Title: "Puzzle Castle"
Subject: Educational adventure game
Format: Windows/Macintosh hybrid
Ages: 4 to 7
System requirements: Windows - 486 or faster processor, Windows 3.1 or later, 8MB RAM, 13MB free disk space, double-speed CD-ROM drive, sound card, 256-color monitor. Macintosh - 68040 or faster processor, System 7.1 or later, 8MB RAM, 13MB free disk space, double-speed CD-ROM drive, sound card, 256-color monitor
Comment: "Puzzle Castle" sends the user on a quest to conquer the monster lurking in the dungeon and save the kingdom in time for Princess Posy's Grand Banquet by solving a series of puzzles, many of which are based on visual-acuity games similar to the popular "Where's Waldo" books.

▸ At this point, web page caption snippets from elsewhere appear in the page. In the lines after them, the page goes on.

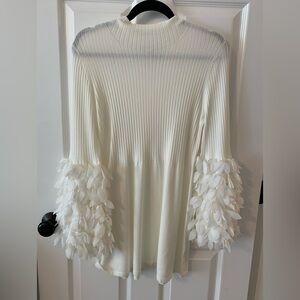 white ribbed knit sweater with layered petal -trim flare sleeves.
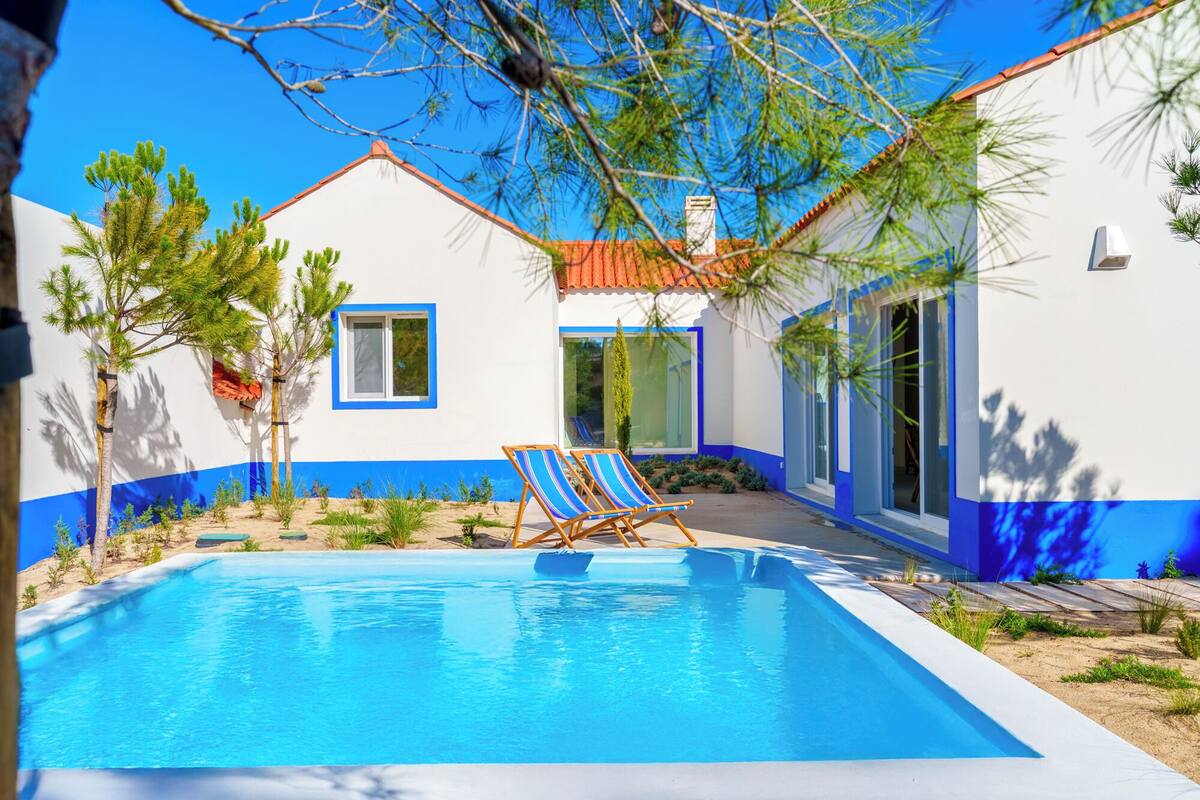 Ett modernt hus med en swimmingpool, två solstolar och en klarblå himmel.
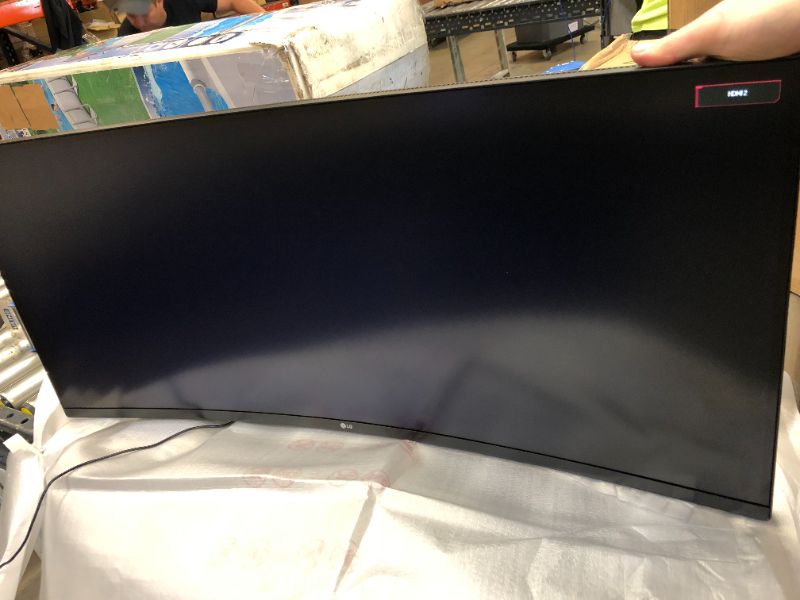 Photo 2 of LG 34WP65C-B 34-Inch 21:9 Curved UltraWide QHD (3440x1440) VA Display with sRGB 99% Color Gamut and HDR 10 and 3-Side Virtually Borderless Display with Tilt/Height Adjustable Stand -Black. No Foam Packaging inside Box Packaging. 
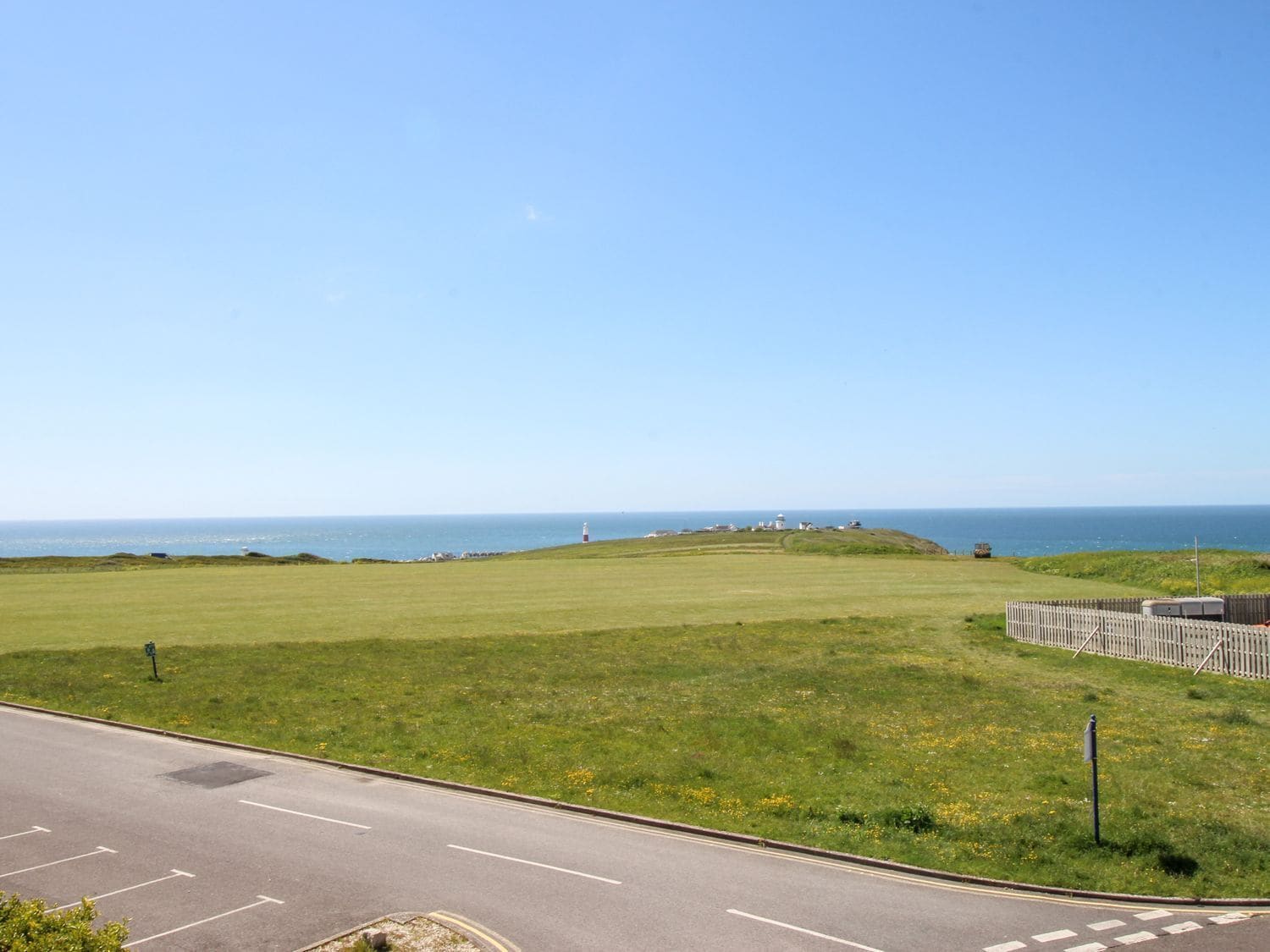 Una strada costiera con una zona verde e vista sul mare.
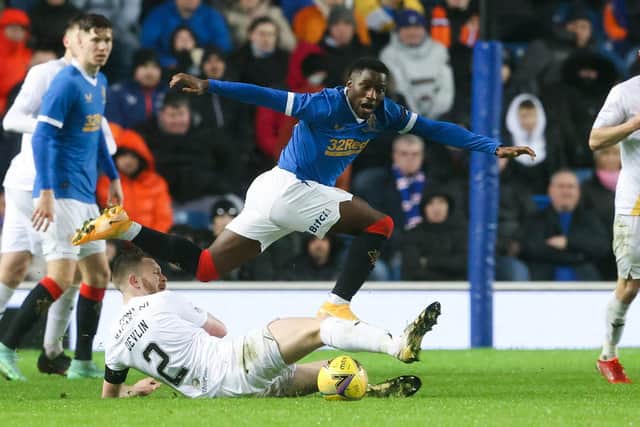 Rangers' Fashion Sakala is tackled by Livingston's Nicky Devlin during the match at Ibrox on Wednesday. (Photo by Alan Harvey / SNS Group)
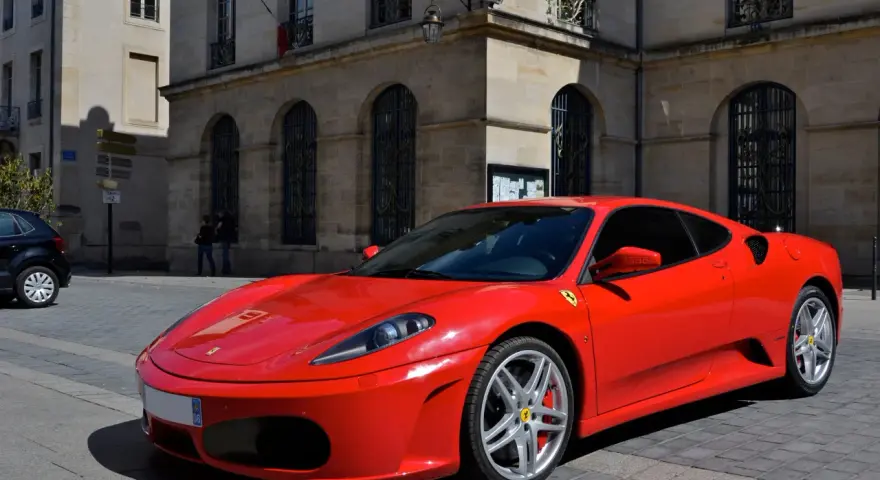 Czerwone Ferrari F430 zaparkowane na brukowanej ulicy przed kamienną kamienicą.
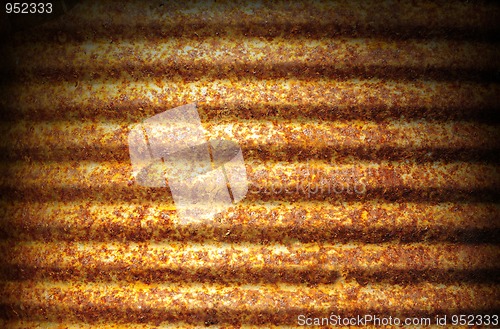 Image of Rusty corrugated metal surface lit dramatically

As it is, "Puzzle Castle" is better than any "Waldo" book, because a succession of searches is needed to complete the adventure game. It's also more challenging than a still page because the scene changes from game to game, little distractions careen around the screen and the object or person you are searching for may pop in and out of view. Just when you spot the little guy and put the cursor on him, poof!, he disappears, and you have to start again.
You've got to stay alert. It keeps the proceedings fun, and exciting, and once you believe you have conquered the game, you can increase the difficulty level and try again. On a printed page, Waldo never moves, and once you have memorized his position, the challenge is gone and the book probably will be tossed aside.
But "Puzzle Castle" isn't just made up of searching games. There are mazes, obstacle courses, visual recognition games, trial-and-error experiments, arcade-style shooting games.
It's difficult to figure out whether the manufacturers meant this to be educational or just fun. It's both, but the educational value is subtle; unlike a lot of kids' educational software, the lessons don't come in the form of "here is a cartoon character who will teach you something." You just play the games - and hop around the screens playing the 200 silly clickables - and later on kids realize they have learned something. The lively presentation - SegaSoft refers to it as "stealth learning," or learning while not realizing it - keeps things moving along briskly.
Also noteworthy is that the brave knight-in-shining-armor who saves the kingdom is a female, Sophie. And her loyal underling is a boy. You go, girl!